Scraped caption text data
↓↓↓
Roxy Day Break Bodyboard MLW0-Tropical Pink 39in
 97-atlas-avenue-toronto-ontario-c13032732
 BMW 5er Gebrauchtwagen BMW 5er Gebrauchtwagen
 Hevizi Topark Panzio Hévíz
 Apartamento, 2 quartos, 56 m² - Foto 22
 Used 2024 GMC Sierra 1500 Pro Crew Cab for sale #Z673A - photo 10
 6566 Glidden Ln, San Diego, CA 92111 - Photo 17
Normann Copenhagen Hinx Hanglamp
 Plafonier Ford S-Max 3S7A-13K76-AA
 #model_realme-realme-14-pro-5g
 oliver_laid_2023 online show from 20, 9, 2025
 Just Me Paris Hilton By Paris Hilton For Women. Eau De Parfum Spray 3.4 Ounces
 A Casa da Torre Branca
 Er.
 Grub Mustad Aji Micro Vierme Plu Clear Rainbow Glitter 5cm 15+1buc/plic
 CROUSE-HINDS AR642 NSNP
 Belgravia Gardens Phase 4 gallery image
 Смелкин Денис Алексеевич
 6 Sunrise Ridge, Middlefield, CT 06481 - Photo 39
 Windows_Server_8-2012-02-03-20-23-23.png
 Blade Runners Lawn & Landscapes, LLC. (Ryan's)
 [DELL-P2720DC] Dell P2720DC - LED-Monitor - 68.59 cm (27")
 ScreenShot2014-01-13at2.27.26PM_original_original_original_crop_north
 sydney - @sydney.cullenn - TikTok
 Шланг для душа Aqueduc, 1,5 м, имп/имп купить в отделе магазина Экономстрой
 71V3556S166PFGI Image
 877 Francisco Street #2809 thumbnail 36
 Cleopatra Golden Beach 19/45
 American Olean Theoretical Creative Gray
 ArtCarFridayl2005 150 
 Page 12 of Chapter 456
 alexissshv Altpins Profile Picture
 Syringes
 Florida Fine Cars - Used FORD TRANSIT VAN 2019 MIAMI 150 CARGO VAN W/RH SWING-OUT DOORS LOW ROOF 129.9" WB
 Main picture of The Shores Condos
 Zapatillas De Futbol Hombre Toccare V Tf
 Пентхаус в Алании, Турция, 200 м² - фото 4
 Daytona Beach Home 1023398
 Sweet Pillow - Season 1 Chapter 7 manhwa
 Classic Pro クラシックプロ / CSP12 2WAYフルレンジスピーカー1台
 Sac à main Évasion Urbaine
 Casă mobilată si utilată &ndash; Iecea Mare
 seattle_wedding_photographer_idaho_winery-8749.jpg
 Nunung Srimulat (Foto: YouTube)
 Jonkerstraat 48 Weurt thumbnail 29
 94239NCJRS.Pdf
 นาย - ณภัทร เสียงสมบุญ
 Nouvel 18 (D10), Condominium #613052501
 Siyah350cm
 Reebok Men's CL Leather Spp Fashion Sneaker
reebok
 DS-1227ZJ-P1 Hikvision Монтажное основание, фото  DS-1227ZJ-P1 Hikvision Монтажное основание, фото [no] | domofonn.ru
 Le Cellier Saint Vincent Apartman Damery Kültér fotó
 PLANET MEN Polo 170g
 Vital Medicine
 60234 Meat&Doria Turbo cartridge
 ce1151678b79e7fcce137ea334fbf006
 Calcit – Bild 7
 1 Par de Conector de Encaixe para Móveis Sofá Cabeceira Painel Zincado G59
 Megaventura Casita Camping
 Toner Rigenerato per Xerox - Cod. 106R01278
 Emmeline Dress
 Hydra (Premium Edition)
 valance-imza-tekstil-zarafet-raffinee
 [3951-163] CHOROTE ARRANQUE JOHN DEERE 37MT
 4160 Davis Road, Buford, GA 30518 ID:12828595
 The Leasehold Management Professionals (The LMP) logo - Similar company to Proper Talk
↑↑↑
* Work item *
Print precisely the lines from the one with "Toner Rigenerato per Xerox - Cod. 106R01278" through the end of the data above, adding nothing.

* Result for this exercise *
 Toner Rigenerato per Xerox - Cod. 106R01278
 Emmeline Dress
 Hydra (Premium Edition)
 valance-imza-tekstil-zarafet-raffinee
 [3951-163] CHOROTE ARRANQUE JOHN DEERE 37MT
 4160 Davis Road, Buford, GA 30518 ID:12828595
 The Leasehold Management Professionals (The LMP) logo - Similar company to Proper Talk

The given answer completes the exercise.